(Short web captions)
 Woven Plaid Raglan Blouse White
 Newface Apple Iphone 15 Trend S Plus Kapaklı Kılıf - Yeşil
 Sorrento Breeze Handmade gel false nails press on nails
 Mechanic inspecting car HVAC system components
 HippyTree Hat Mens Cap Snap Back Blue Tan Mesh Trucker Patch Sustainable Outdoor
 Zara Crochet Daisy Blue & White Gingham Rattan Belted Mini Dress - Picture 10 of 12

PROBLEM TO SOLVE
Nothing but the lines from the one holding "Mechanic inspecting car" through the last line of the data may be output, and each must match exactly.

ANSWER TO THIS PROBLEM
 Mechanic inspecting car HVAC system components
 HippyTree Hat Mens Cap Snap Back Blue Tan Mesh Trucker Patch Sustainable Outdoor
 Zara Crochet Daisy Blue & White Gingham Rattan Belted Mini Dress - Picture 10 of 12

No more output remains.